About this task =>
Retype, without changes or pictures, only the lines that begin at the one containing "MELTYBLOOD: TYPE LUMINAסɲåȥͥ륯ޥɴޤ̵åץǡȤۿ819˷" and end at the last line of the records that follow.

Dataset =>

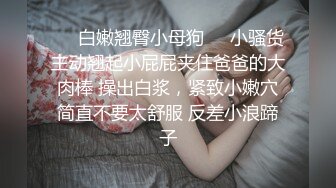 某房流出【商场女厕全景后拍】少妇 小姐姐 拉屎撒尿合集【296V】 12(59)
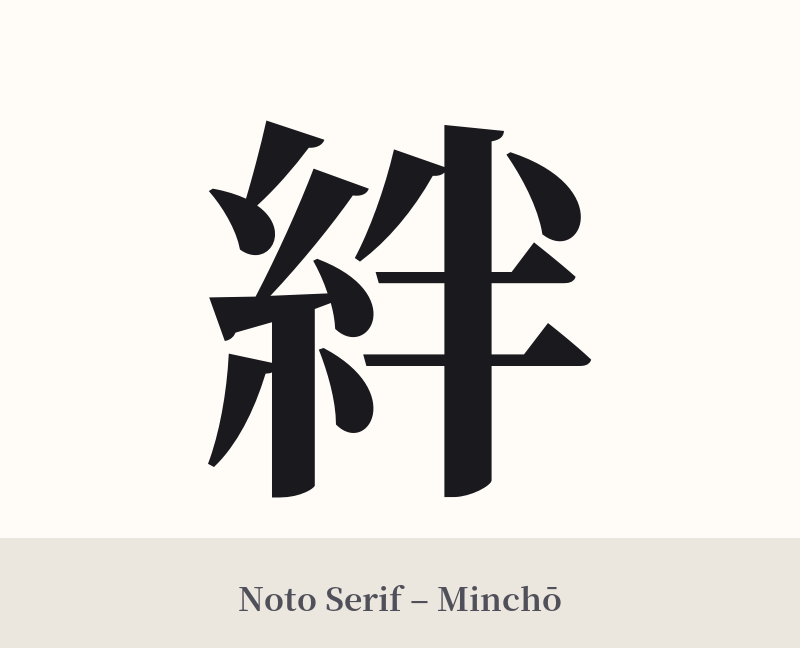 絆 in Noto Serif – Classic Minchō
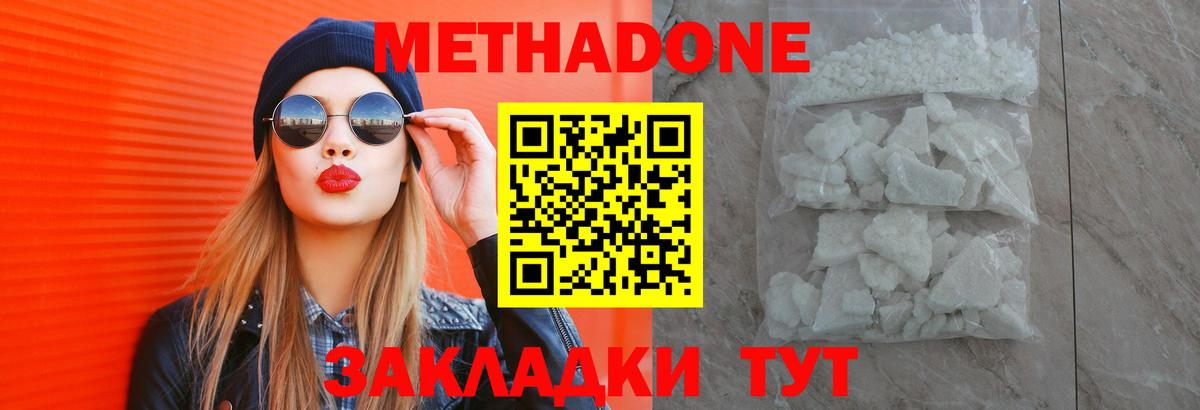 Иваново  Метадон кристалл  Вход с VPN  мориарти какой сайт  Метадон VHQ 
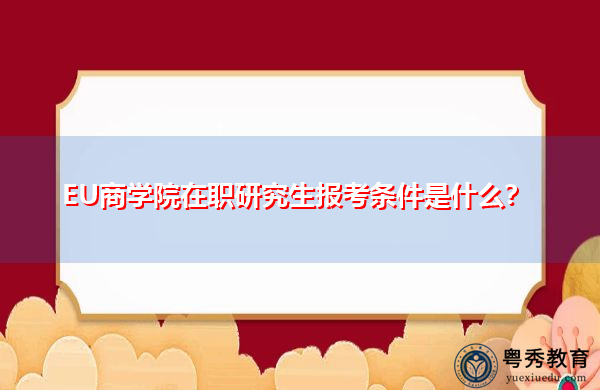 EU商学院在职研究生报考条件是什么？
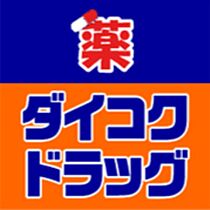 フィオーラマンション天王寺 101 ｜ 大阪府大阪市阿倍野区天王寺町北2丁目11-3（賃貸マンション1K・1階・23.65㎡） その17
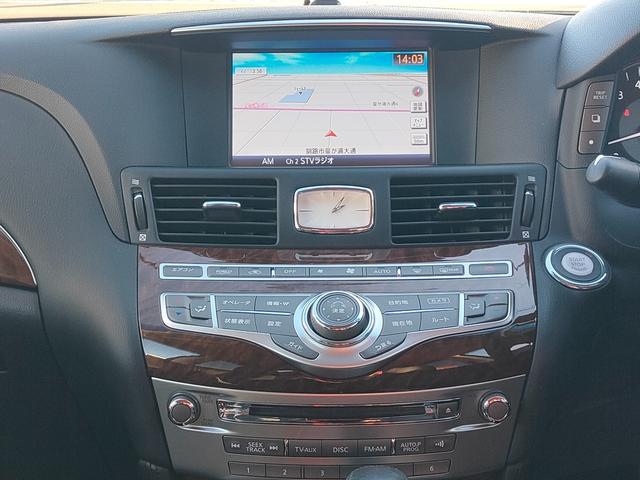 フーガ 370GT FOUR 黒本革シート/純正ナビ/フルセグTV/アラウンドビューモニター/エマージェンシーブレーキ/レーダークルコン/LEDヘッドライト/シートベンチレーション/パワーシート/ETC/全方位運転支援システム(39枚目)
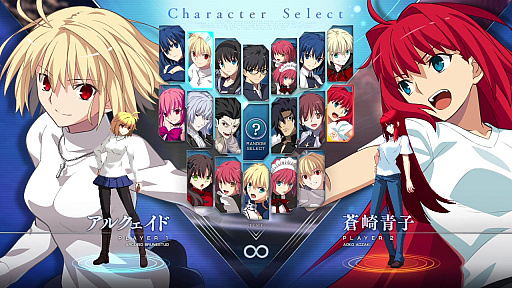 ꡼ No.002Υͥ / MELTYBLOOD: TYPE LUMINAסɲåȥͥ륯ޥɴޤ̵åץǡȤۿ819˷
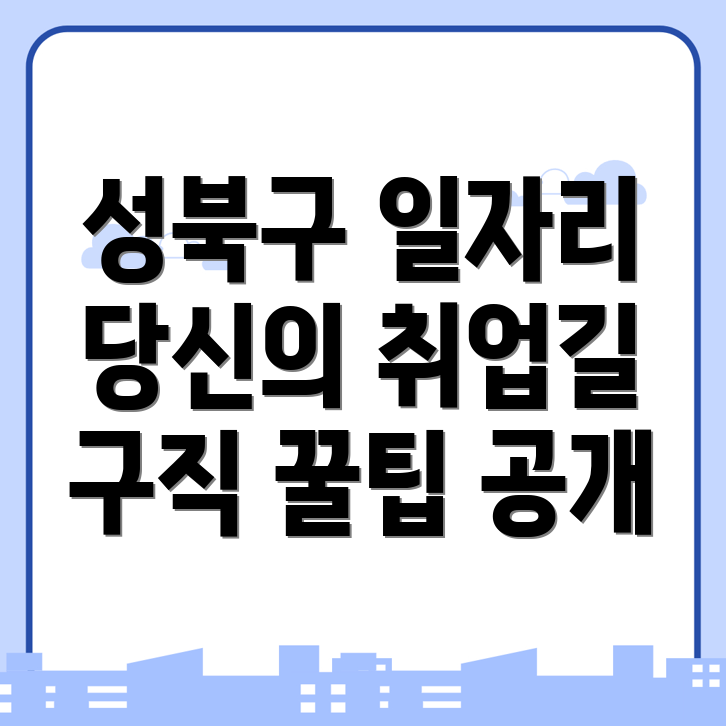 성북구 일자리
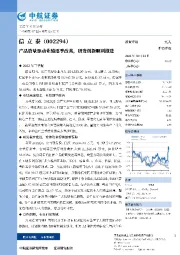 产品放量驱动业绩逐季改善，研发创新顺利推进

Response to this exercise =>
 ꡼ No.002Υͥ / MELTYBLOOD: TYPE LUMINAסɲåȥͥ륯ޥɴޤ̵åץǡȤۿ819˷
 성북구 일자리
 产品放量驱动业绩逐季改善，研发创新顺利推进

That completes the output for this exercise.